Osram hat angekündigt, dass ab 10. April ein Teil der Kollegen in Kurzarbeit gehen sollen. Zumindest werden Kollegen nicht mehr das Risiko eingehen den Kindern zu Hause das Virus zu bringen.

Kurzarbeit, das ist aber ein dicker Lohnverlust. Die Aufstockung von 10 oder 15€ pro Tag „je nach Dauer der Kurzarbeit“ ist ein schlechter Witz. Wir brauchen vollen Lohn!

Besser als Arbeitslos?

Mit der Krise gehen tagtäglich eine Menge kleine Betriebe pleite. Die Arbeitslosigkeit steigt. In den großen Betrieben kriegt man Kurzarbeitsgeld, ein Glück?

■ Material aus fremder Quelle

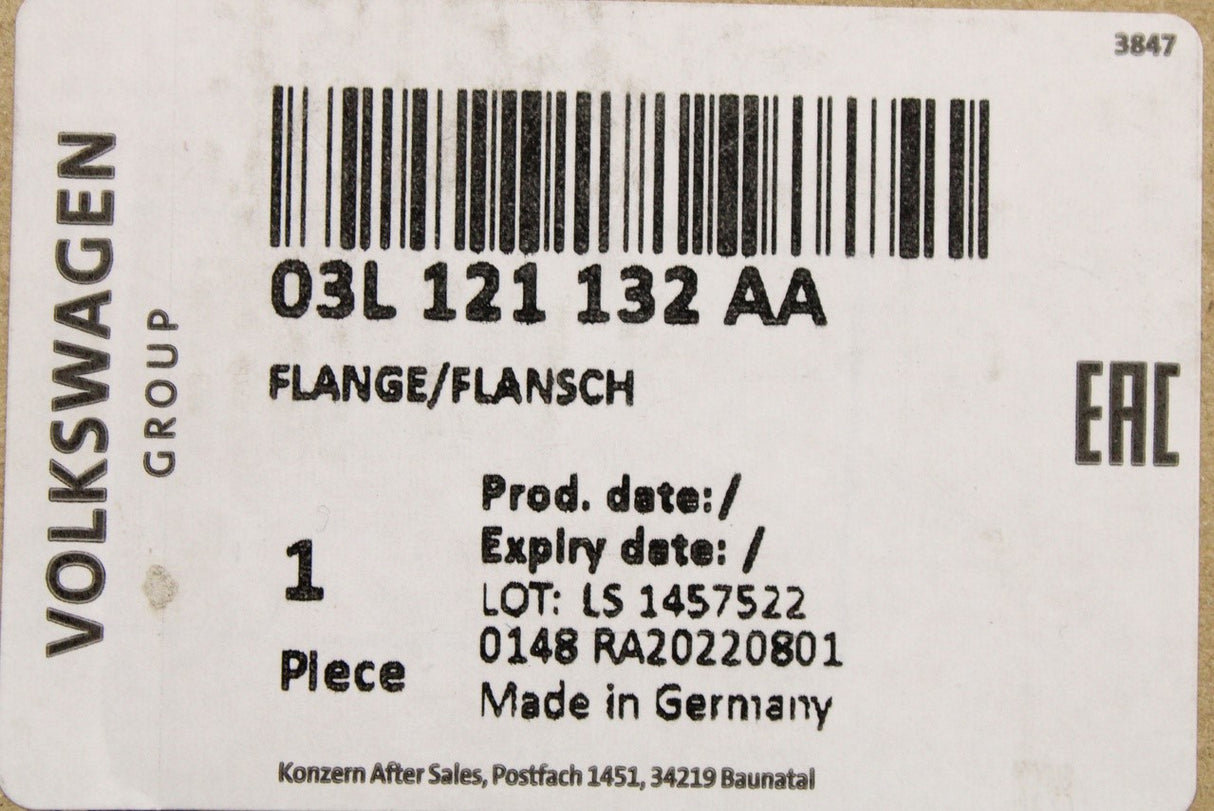 VW Golf Audi Skoda SEAT 2.0 coolant thermostat housing (TDI) 03L121132AA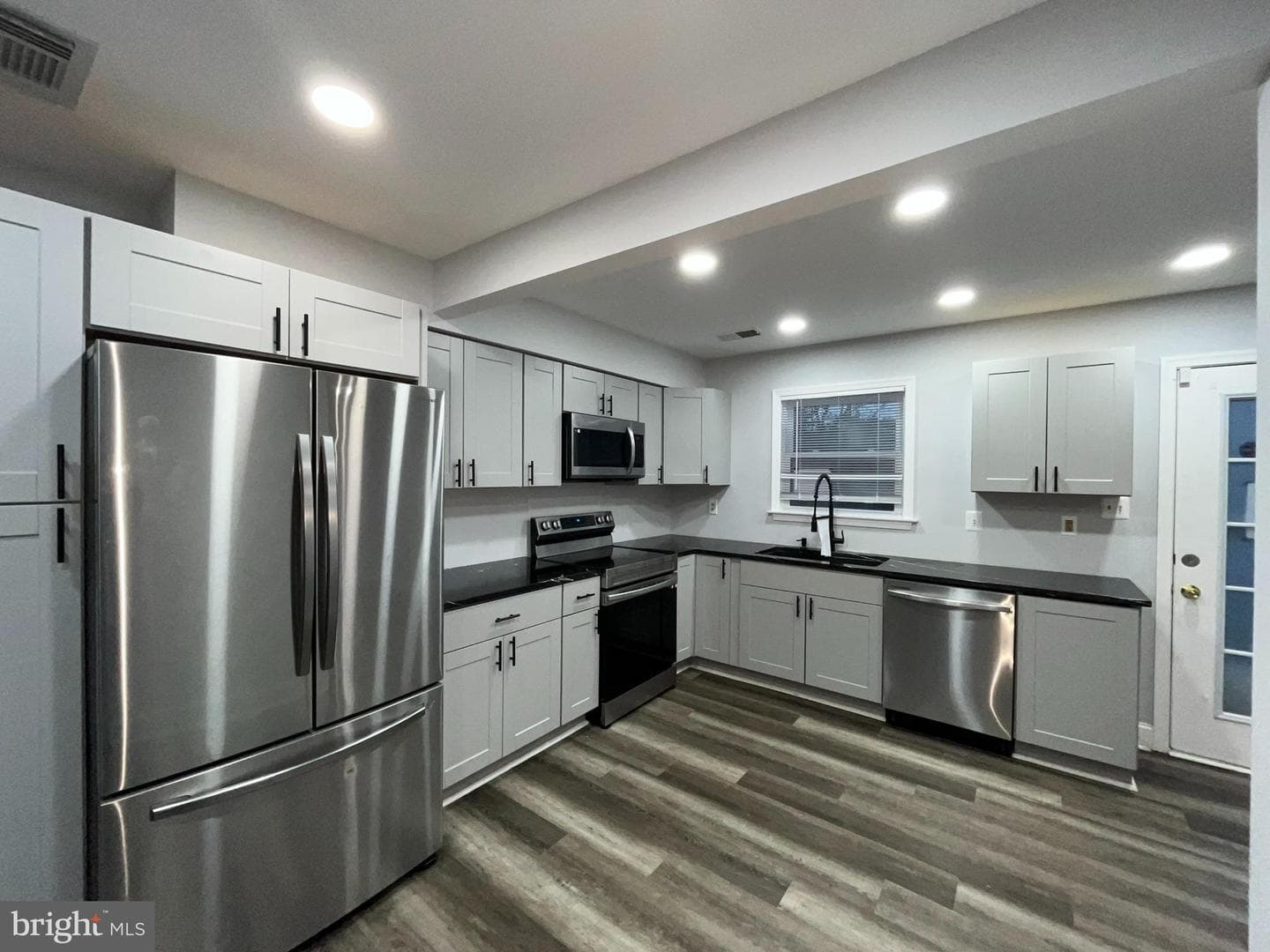 6234 Wolverine Place photo 4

Der Betriebsrat von Osram erzählte noch vor ein paar Wochen, dass die Verhandlungen über Stellenabbau „Fit for the future 2“ weiter gehen. Kurzarbeit ändert nix. Oder sollen wir hoffen, dass dank Kurzarbeit von heute kein „Fit for the future 3“ kommen wird? Kurzarbeit schützt vor nix.

Liquidität“ ist vorhanden!

Dass ohne Produktion die Unternehmen weiter bezahlen, wäre das verrückt? Laut der Bundesvereinigung der Arbeitgeberverbände (BDA) wäre allein schon die Aufstockung des Kurzarbeitergeldes ein Problem, wenn der Betrieb „überhaupt keine Einnahmen mehr hat“.

Beispiel unser Boss: um sich Osram zu schenken hat sich AMS 1,6 Milliarden € geholt. Dazu hat sich der Geier einen „Brückenkredit“ von UBS und HSBC in Höhe von bis zu rund 4,4 Mrd. € gesichert…

Und sie hätten keine Kohle für die Löhne?

Die Ausgangsbeschränkung ist kein Urlaub

Seit der Schließung der Schulen kümmern sich gerne Kolleg*innen um den Nachwuchs.

Durch die Ausgangsbeschränkung ist das aber kein Urlaub. Nächsten Sommer brauchen wir viel Urlaub und freie Zeit, deswegen sollten wir jetzt aufpassen dass die Betriebsleitung weder unseren Urlaub klaut noch dass sie die Stundenkonten leeren.

Die Kolleg*innen die zu Hause mit Kindern bleiben sollten dies mit vollem Lohn machen können!!

Noch 8 Monate zusammen

Nach einer neuen Runde angeblicher Verhandlungen und „Suche“ nach alternativer Lösung, haben unsere Kollegen von Ledvance erfahren, dass sie am Ende des Jahres gehen sollen. Zur Zeit sind sie noch da und waren schon immer kampfbereit… sowas brauchen wir!